Lab 4: Node Lifecycle and Upgrade Planning

Time: 60 minutes
Objective: Practice safe node maintenance (cordon, drain, uncordon) and build a kubeadm upgrade plan with version-skew checks.

The Story

Routine node maintenance causes outages when teams skip sequencing and treat drain errors like annoyances. This lab trains disciplined operations: respect disruption budgets, keep scheduling intent explicit, and plan upgrades around version-skew rules before touching production nodes.

CKA Objectives Mapped

Manage node scheduling and maintenance operations
Plan and execute cluster lifecycle/upgrade tasks safely
Troubleshoot drain failures and disruption constraints

Background: Node Lifecycle Operations

Node maintenance in Kubernetes is three separate operations with different effects. cordon marks a node SchedulingDisabled, which stops new placements but leaves existing pods running. drain actively evicts pods and then leaves the node cordoned, which is what makes it safe for maintenance. uncordon removes the scheduling block so the node can receive new pods again.

kubectl drain is not a blind delete; it uses the Eviction API, which checks PodDisruptionBudgets before allowing each pod to move. A PDB encodes availability policy such as minimum healthy replicas, so eviction is denied if moving a pod would violate that threshold. This is the protection that keeps voluntary disruptions like maintenance from becoming accidental outages.

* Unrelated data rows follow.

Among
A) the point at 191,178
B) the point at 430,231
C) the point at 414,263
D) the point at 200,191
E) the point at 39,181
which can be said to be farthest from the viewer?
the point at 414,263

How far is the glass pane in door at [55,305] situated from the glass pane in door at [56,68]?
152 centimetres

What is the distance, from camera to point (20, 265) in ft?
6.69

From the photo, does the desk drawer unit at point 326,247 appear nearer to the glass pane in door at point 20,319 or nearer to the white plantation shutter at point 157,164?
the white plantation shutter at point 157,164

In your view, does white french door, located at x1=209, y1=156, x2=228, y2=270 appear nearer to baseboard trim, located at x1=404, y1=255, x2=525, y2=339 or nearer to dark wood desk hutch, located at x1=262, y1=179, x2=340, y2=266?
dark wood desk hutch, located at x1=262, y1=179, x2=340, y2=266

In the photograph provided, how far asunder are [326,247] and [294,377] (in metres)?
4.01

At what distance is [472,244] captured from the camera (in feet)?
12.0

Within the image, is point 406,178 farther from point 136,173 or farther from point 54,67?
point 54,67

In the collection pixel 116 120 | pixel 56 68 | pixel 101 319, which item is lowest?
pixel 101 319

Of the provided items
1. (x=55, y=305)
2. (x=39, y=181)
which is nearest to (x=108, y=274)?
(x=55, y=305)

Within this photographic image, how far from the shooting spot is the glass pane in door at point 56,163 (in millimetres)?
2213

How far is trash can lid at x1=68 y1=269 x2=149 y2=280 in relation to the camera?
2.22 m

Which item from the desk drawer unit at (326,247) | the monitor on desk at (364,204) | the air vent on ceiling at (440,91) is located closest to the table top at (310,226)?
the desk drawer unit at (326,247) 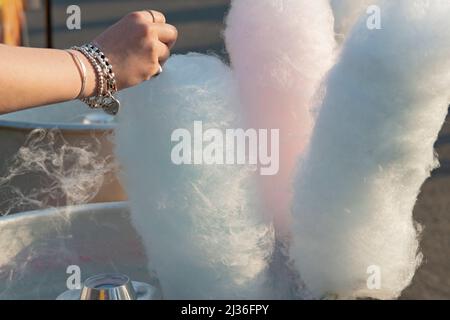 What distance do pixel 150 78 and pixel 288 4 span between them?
0.73 feet

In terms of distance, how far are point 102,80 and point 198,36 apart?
13.9 feet

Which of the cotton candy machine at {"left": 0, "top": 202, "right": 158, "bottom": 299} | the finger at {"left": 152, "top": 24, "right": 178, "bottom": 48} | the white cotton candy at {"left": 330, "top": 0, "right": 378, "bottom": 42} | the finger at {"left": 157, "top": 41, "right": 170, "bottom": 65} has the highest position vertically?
the white cotton candy at {"left": 330, "top": 0, "right": 378, "bottom": 42}

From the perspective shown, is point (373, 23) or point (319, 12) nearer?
point (373, 23)

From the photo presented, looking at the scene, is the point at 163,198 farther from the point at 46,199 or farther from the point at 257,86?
the point at 46,199

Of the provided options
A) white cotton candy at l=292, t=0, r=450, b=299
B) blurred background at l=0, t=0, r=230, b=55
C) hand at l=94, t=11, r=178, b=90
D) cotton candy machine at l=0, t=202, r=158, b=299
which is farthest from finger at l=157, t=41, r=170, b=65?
blurred background at l=0, t=0, r=230, b=55

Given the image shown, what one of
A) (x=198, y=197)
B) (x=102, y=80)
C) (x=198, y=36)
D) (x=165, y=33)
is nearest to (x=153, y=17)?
(x=165, y=33)

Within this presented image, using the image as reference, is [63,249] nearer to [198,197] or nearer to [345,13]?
[198,197]

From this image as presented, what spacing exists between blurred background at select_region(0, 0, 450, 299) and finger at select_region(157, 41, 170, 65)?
12 centimetres

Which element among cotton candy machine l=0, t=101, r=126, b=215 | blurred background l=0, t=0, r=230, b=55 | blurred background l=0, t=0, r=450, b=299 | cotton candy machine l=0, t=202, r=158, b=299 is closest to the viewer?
cotton candy machine l=0, t=202, r=158, b=299

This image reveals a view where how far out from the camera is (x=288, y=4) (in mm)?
940

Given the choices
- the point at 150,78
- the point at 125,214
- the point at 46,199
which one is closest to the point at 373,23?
the point at 150,78

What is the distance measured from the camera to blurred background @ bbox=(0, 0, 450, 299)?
2238mm

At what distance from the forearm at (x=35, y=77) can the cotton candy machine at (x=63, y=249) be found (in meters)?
0.39

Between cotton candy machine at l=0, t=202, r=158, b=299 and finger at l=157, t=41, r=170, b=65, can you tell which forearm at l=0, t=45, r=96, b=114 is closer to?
finger at l=157, t=41, r=170, b=65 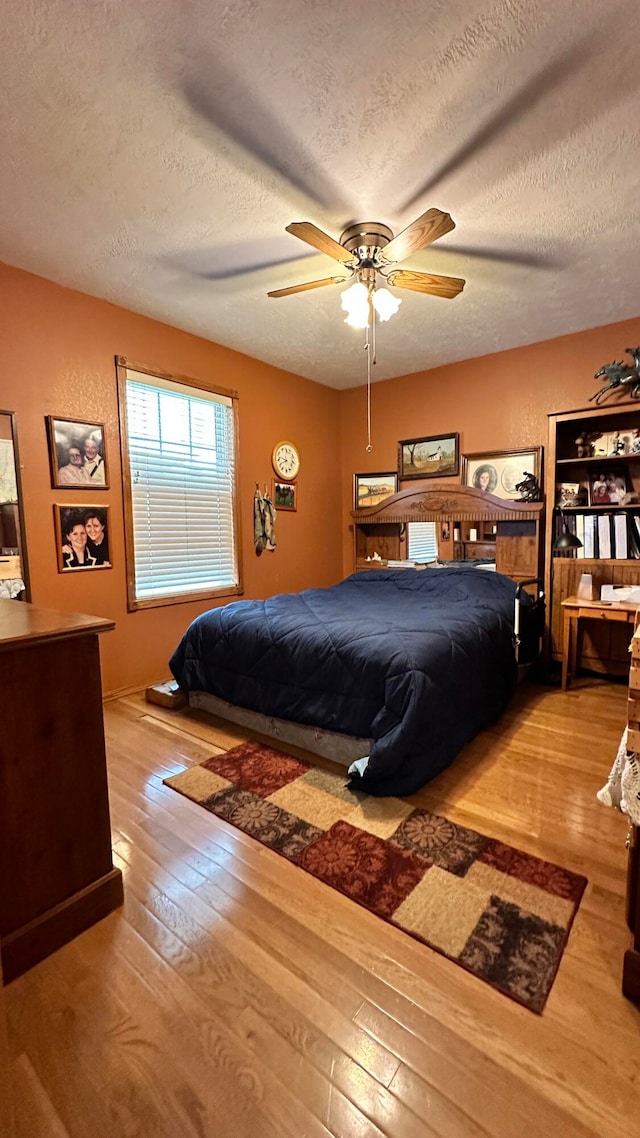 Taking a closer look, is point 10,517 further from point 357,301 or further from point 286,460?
point 286,460

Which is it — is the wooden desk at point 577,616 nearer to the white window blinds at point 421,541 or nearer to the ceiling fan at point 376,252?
the white window blinds at point 421,541

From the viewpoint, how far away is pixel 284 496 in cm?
451

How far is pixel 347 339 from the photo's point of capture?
3707mm

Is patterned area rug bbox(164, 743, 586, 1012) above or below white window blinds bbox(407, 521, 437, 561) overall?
below

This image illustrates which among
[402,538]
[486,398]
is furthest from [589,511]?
[402,538]

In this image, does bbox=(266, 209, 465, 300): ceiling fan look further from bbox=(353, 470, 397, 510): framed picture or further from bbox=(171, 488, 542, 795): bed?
bbox=(353, 470, 397, 510): framed picture

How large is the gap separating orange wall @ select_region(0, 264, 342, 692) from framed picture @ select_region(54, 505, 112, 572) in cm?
5

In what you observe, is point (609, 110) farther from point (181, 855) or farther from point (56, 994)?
point (56, 994)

For upgrades, draining first keeps workload continuity while node software changes happen. The standard pattern is cordon and drain a worker, upgrade node packages, run kubeadm upgrade node, then uncordon. That sequence keeps traffic on healthy nodes while one node is temporarily out of service.

Version skew rules are strict and drive upgrade order. Kubelet can be at most one minor version behind the API server, the control plane upgrades first, and workers follow. Minor versions cannot be skipped in supported workflows, so a jump like 1.29 to 1.31 must be two sequential upgrades through 1.30.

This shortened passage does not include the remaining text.